WHAT YOU WILL DO — Each record must come back unchanged in your answer, stripped of its images.

Records contained in a dataset:
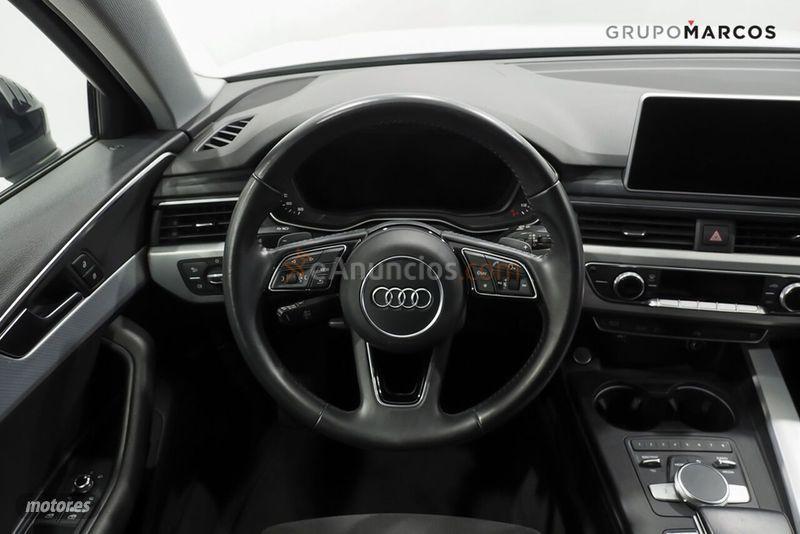 Audi A4 S line ed 2.0 TDI 110kW S tronic Avant de 2018 con 24.223 Km por 31.500 EUR. en Alicante
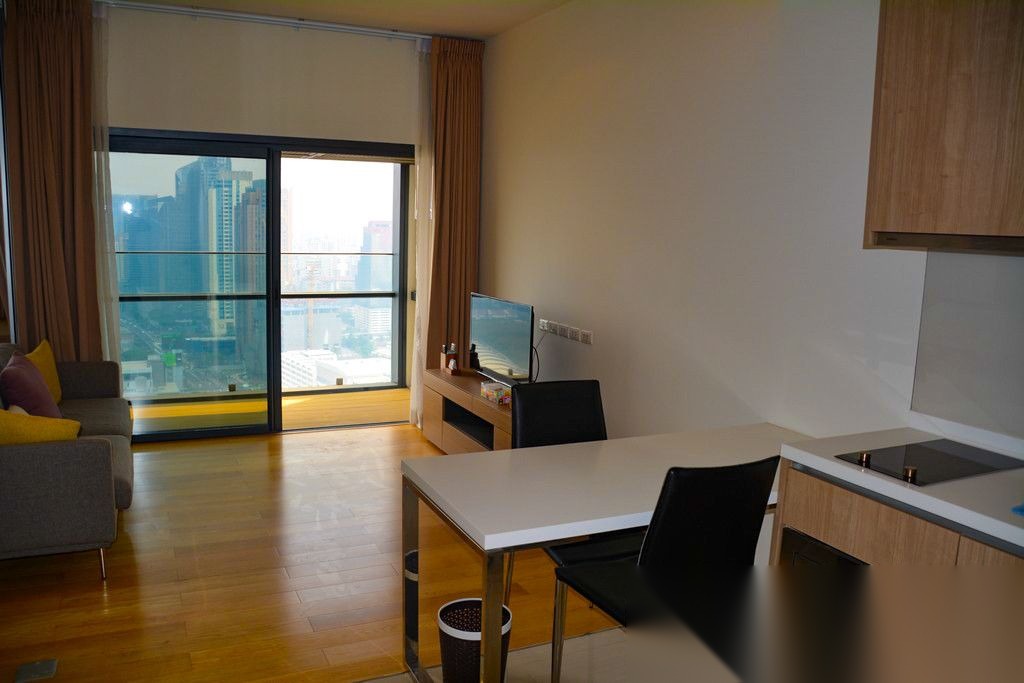 1 Bedroom Condo for sale at Circle Living Prototype — photo 5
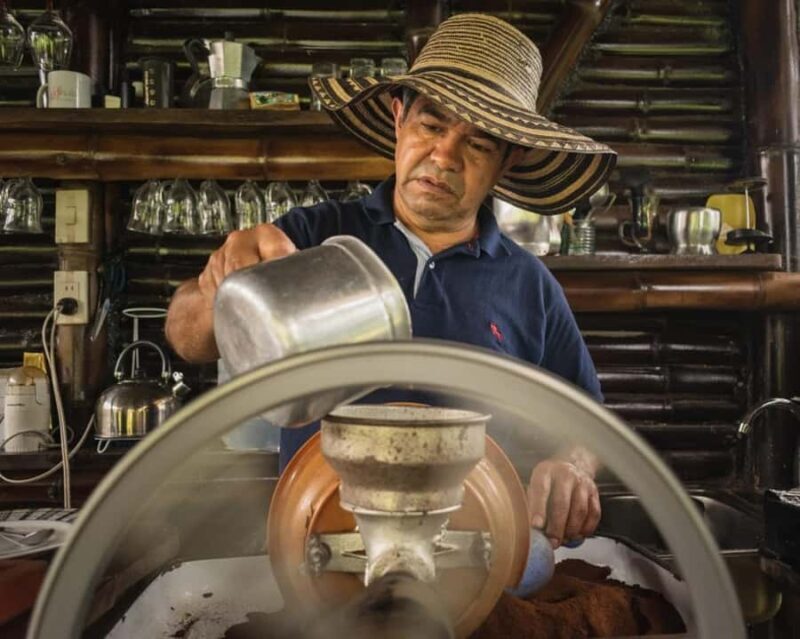 Private Tour in an Authentic, Ecological Local Coffee Finca - Key Points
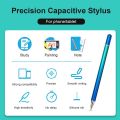 Touch Pen Tablet Screen Pen for Motorola G Pure Razr 5G One 5G Ace One Vision One Action Nexus 6 Magnetic Cap Disc Stylus Built-in Ti. 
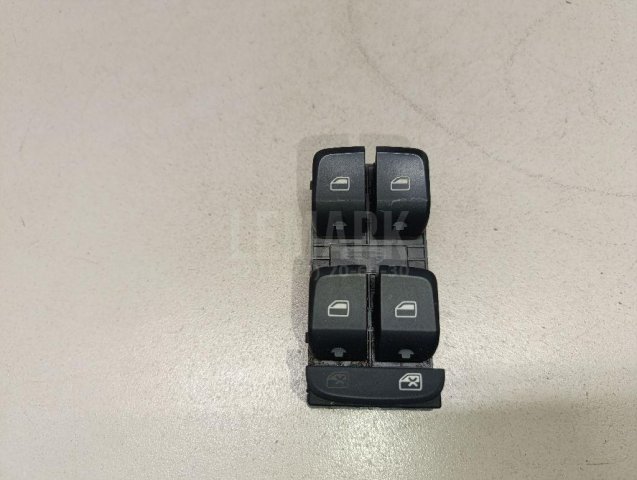 Блок управления стеклоподъемниками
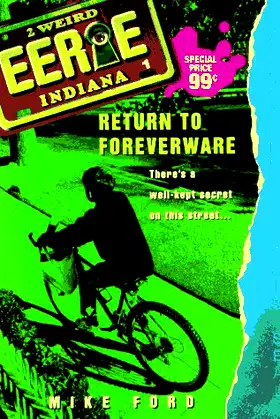 Return to Foreverware (Eerie, Indiana, No. 1) poster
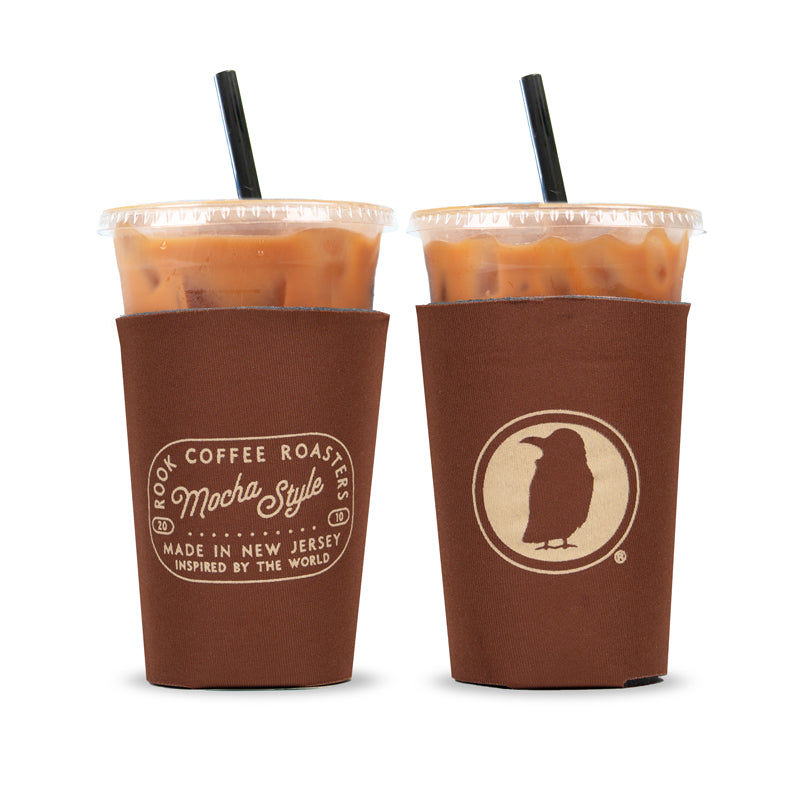 Koozie - Mocha Style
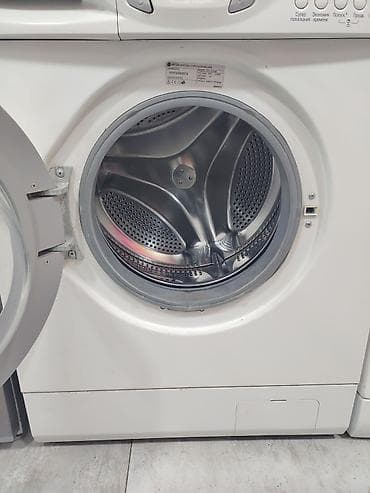 glorious model o: Paltaryuyan maşın LG, 5 kq, Avtomat, Qurutmasız — 2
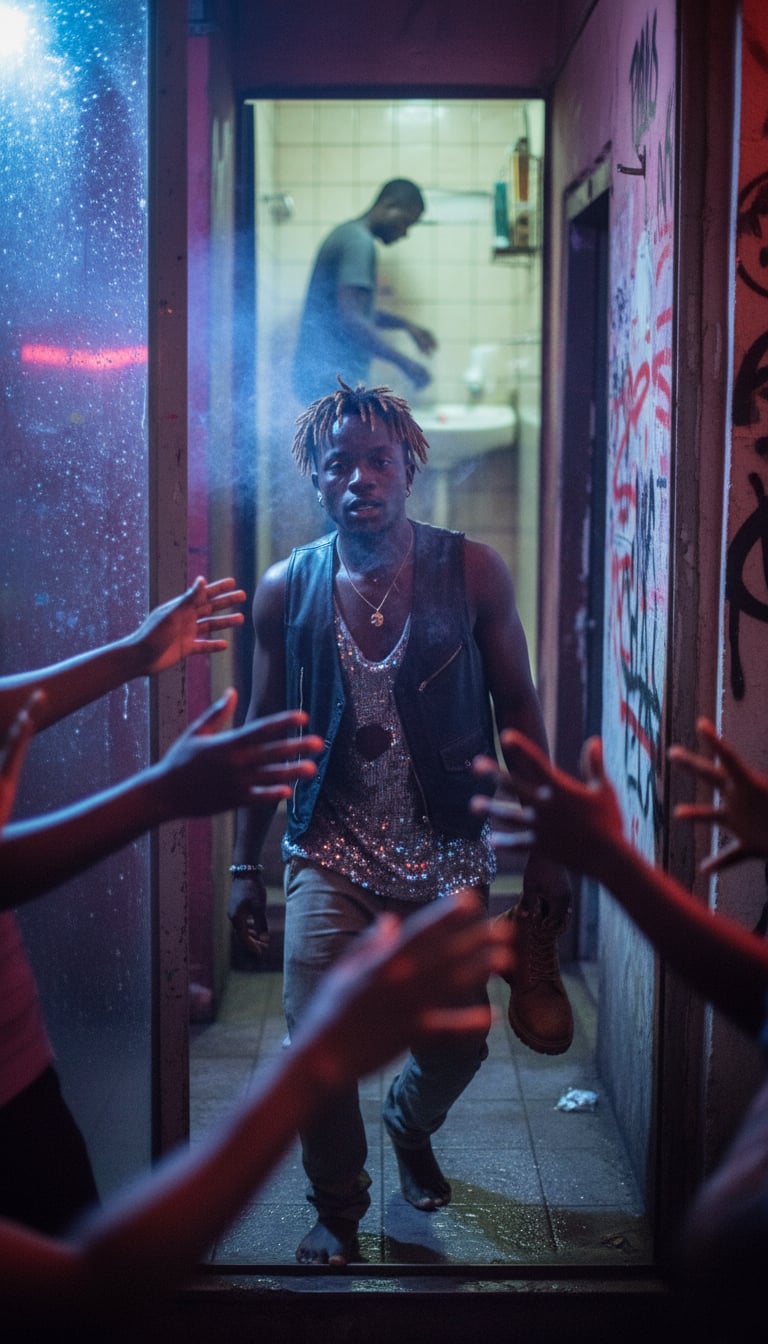 Kilowatt Prayer cover art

ANSWER TO THIS PROBLEM —
 Audi A4 S line ed 2.0 TDI 110kW S tronic Avant de 2018 con 24.223 Km por 31.500 EUR. en Alicante
 1 Bedroom Condo for sale at Circle Living Prototype — photo 5
 Private Tour in an Authentic, Ecological Local Coffee Finca - Key Points
 Touch Pen Tablet Screen Pen for Motorola G Pure Razr 5G One 5G Ace One Vision One Action Nexus 6 Magnetic Cap Disc Stylus Built-in Ti. 
 Блок управления стеклоподъемниками
 Return to Foreverware (Eerie, Indiana, No. 1) poster
 Koozie - Mocha Style
 glorious model o: Paltaryuyan maşın LG, 5 kq, Avtomat, Qurutmasız — 2
 Kilowatt Prayer cover art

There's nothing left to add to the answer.